NotebookLM, Google's AI-powered document management and summarization tool, has rolled out significant updates to its Video Overviews feature. This latest iteration leverages the power of Google’s Nano Banana image editing and generation model (Gemini 2.5 Flash Image) to enhance both the content and visual appeal of video summaries.
The core technical changes in this update are:
These updates are particularly noteworthy for practitioners because they enhance the usability and engagement of video summaries, making them more versatile and visually appealing.
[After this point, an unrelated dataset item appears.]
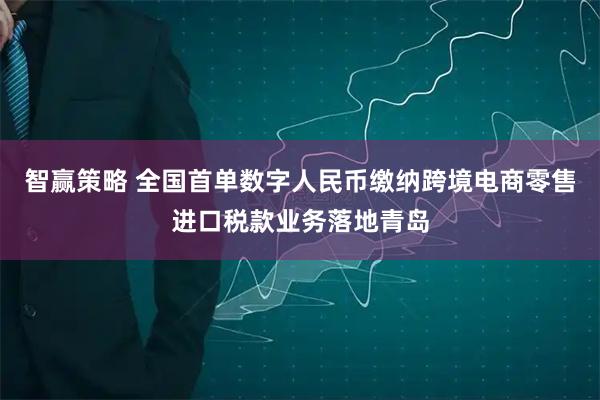 智赢策略 全国首单数字人民币缴纳跨境电商零售进口税款业务落地青岛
Here’s a deeper dive into what changed:
NotebookLM now offers six new visual styles in addition to the classic style:
These styles are generated using Nano Banana, which can create "helpful, contextual, and beautiful illustrations based on the sources you upload." This integration means that the visual elements in your video overviews are not just aesthetically pleasing but also relevant to the content.
The new formats-Brief and Explainer-are designed to cater to different user needs:

To access these new features, follow these steps:
These updates are initially rolling out to NotebookLM Pro users (Google AI Pro) this week. Free users can expect these features to be available in the coming weeks.
On the broader front, Google has also announced official integrations of Nano Banana with other products:
For professionals who rely on NotebookLM for summarizing and presenting information, these updates offer several benefits:
NotebookLM's latest updates bring a fresh wave of features that enhance both the functionality and aesthetics of video overviews. By leveraging advanced AI models like Nano Banana, Google continues to push the boundaries of what is possible in document management and summarization tools.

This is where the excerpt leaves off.